Mu means “no thing.”  Like “Quality” it points outside the process of dualistic discrimination.  Mu simpley says, “No class;  not one, not zero, not yes, not no.”  It states that the context of the question is such that a yes or no answer is in error and should not be given.  “Unask the question,” is what it says.
NB:  Buddhist logic:  yes, no, not yes, not no, neither yes nor no, both yes and no
Plus two:  don't understand the question? and none of the above
Also, there are quite a few Chinese characters that can be translated as "no"

(315)  Yes or no confirms or denies a hypothesis.  Mu says the answer is _beyond_ the hypothesis.

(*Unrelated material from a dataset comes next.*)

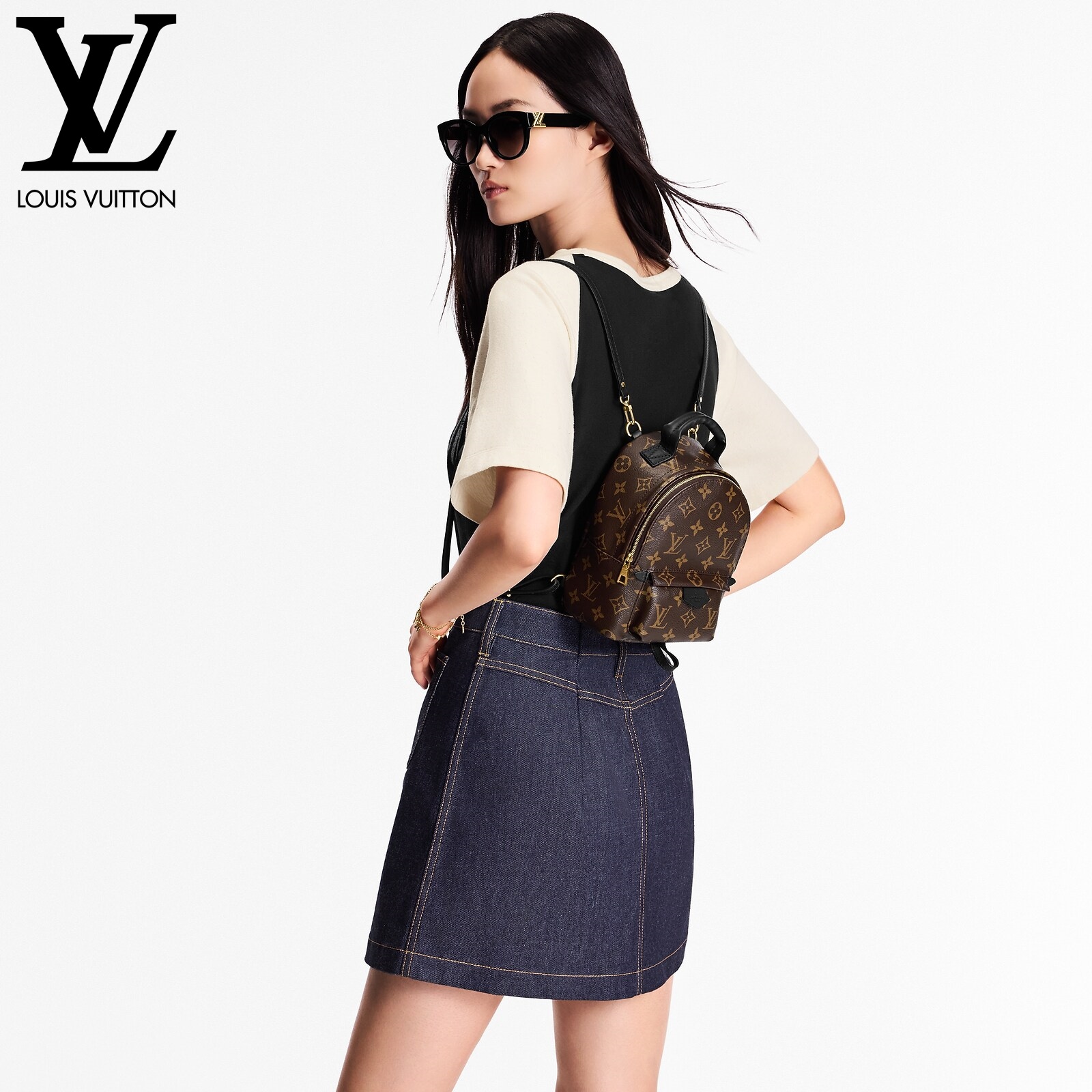 ルイ・ヴィトン「LOUIS VUITTON」パームスプリングス バックパック MINI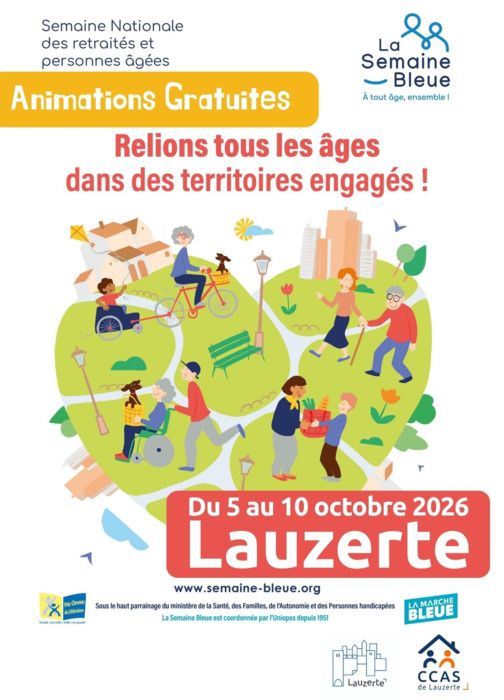 La Semaine Bleue à Lauzerte_Lauzerte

(335)  You point to something as having Quality and the Quality tends to go away.  Quality is what you see out of the corner of your eye, and so I look at the lake below but feel the peculiar quality from the chill, almost frigid sunlight behind me, and the almost motionless wind.

(351)  Technology is blamed for a lot of this loneliness, since the loneliness is certainly associated with the newer technological devices - TV, jets, freeways and so on isn’t the objects of technology but the tendency of technology to isolate people into lonely attitudes of objectivity.  It’s the objectivity, the dualistic way of looking at things underlying technology, that produces the evil….  Quality destroys objectivity every time.

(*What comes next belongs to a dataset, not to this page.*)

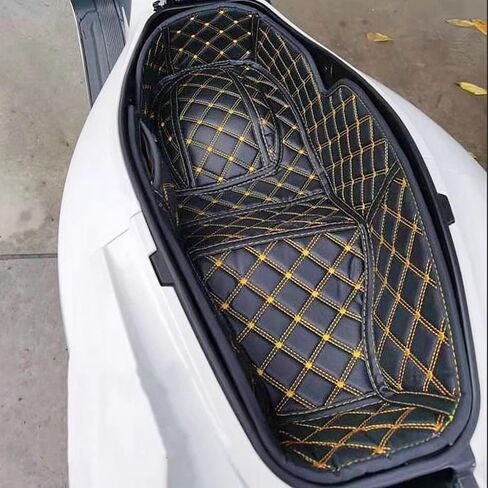 Motorcycle Rear Trunk Cargo Liner Protector fit for PCX125 PCX150 PCX160 PCX 150 125 160 Motorcycle Seat Bucket Pad Luggage Box Inner Mat Accessories (PCX150) in Saudi Arabia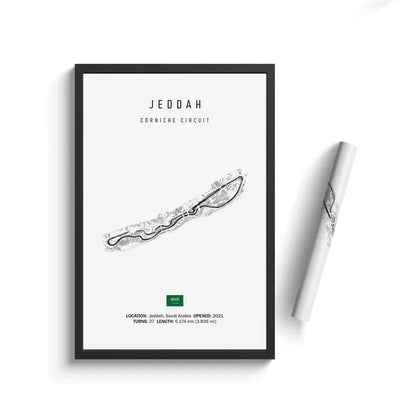 Jeddah Corniche Circuit - Modern Racetrack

(352-353)  Reason was no longer to be “value free.”  Reason was to be subordinate, logically, to Quality, and he was sure he would find the cause of its not being so back among the ancient Greeks, whose mythos had endowed our culture with the tendency underlying all the evil of out technology, the tendency _to do what is “reasonable” even when it isn’t any good_.  That was the whole thing.  Right there.  I said a long time ago that he was in pursuit of the ghost of reason.  This is what I meant.  Reason and Quality had become separated and in conflict with each other and Quality had been forced under and reason made supreme somewhere back then.

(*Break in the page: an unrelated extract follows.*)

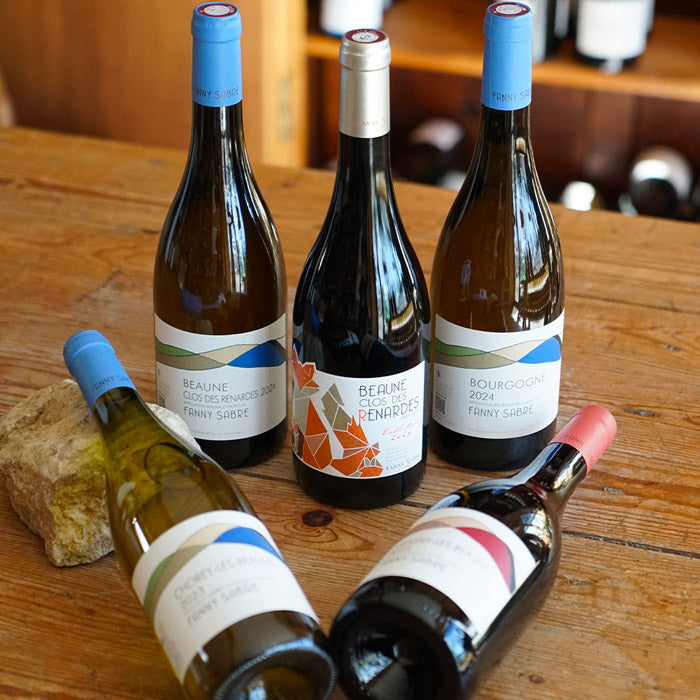 Beaune "Clos des Renardes" Blanc 2024 - Fanny Sabre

(370)  “What moves the Greek warrior to deeds of heroism,” Kitto comments, “is not a sense of duty as we understand it - duty towards others:  it is rather duty towards himself.  He strives after that which we translate ‘virtue’ but is in Greek arete, ‘excellence’… we shall have much to say about arete.  It runs through Greek life.”

There, Phaedrus thinks, is a definition of Quality that had existed a thousand years before the dialecticians ever thought to put it to word-traps.

(371)  Phaedrus is fascinated too by the description of the motive of “duty toward self’  which is almost exact translation of the Sanskrit word dharma, sometimes described as the “one” of the Hindus.  Can the dharma of the Hindus and the “virtue” of the ancient Greeks is identical?

(372)  HDF Kitto, The Greeks:  Arete implies a respect for the wholeness or oneness of life, and a consequent dislike of specialization.  It implies a contempt for efficiency - or rather a much higher idea of efficiency, an efficiency which exists not in one department of life but in life itself.

(386)  The Church of Reason, like all insitutions of the System, is based not on individual strength but upon individual weakness.  What’s really demanded in the Church of Reason is not ability, but inability.  Then you are considered teachable.  A truly able person is always a threat.